Al joven no le hizo ninguna gracia la sorpresa. En lugar de dar las gracias le dio un arrebato de rabia y se puso a romper todo lo que encontraba a su paso llevado por un ataque de locura. Las personas de la luna lo miraban atónitas porque no les gustaban nada los alborotos. La luna, como es bien sabido, es un satélite con muy poca gravedad, y cuanto menor es la fuerza de gravedad de un planeta o de un satélite, más depende éste de la disciplina y del orden, porque todos los objetos que hay en él sólo necesitan que se les dé un suave empujoncito para perder el equilibrio. Así que si todo el que sintiera un poco de amargura empezara a armarla, la cosa podría terminar en una verdadera catástrofe. Al final, cuando se dieron cuenta de que el joven no se iba a calmar, no les quedó más remedio que pensar en cómo detenerlo. Entonces tuvieron un pensamiento de soledad del tamaño de tres metros por tres metros y metieron al muchacho dentro, un pensamiento del tamaño de un calabozo y con el techo tan bajo que cada vez que el muchacho se daba contra una de las paredes notaba una especie de descarga de frío que le recordaba que, en definitiva, estaba solo.

Fue en esa celda donde tuvo un último pensamiento de desespero en forma de soga, una soga a la que le hizo un lazo y de la que se terminó colgando. A las gentes de la luna les entusiasmó muchísimo la idea de la soga de la desesperación con el lazo en un extremo y enseguida empezaron a tener su propio pensamiento de la desesperación y a ponérselo alrededor del cuello. Y así fue como las personas de la luna se extinguieron poco a poco hasta que no quedó más que aquella celda de aislamiento. Sólo que después de unos cuantos siglos de tormentas espaciales ésta también quedó destruida.

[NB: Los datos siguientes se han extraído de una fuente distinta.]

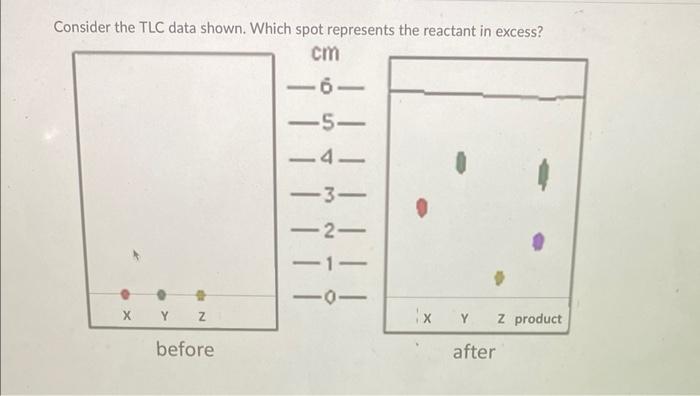 Solved Consider the TLC data shown. Which spot represents | Chegg.com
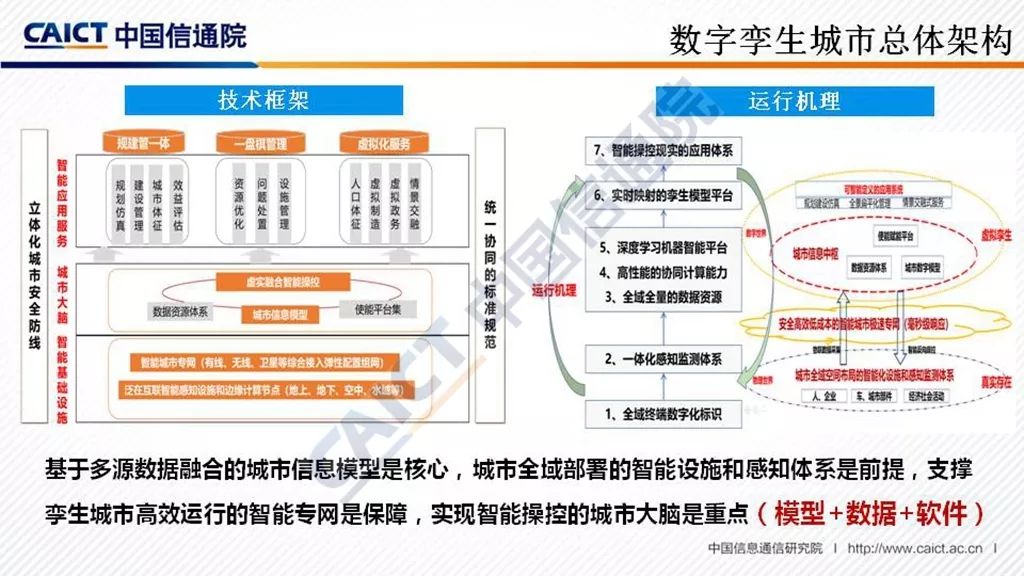 全方位解读新型智慧城市数字孪生城市原文解读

Cuando la primera nave espacial llegó a la luna, los astronautas no encontraron a nadie. Lo que sí encontraron fue un millón de pozos. Al principio los astronautas creyeron que aquellos pozos eran tumbas antiguas pertenecientes a las personas que un día habitaron la luna. Fue sólo al comprobarlo más de cerca cuando descubrieron que aquellos pozos no eran más que pensamientos sobre nada.

En Un hombre sin cabeza, Etgar Keret.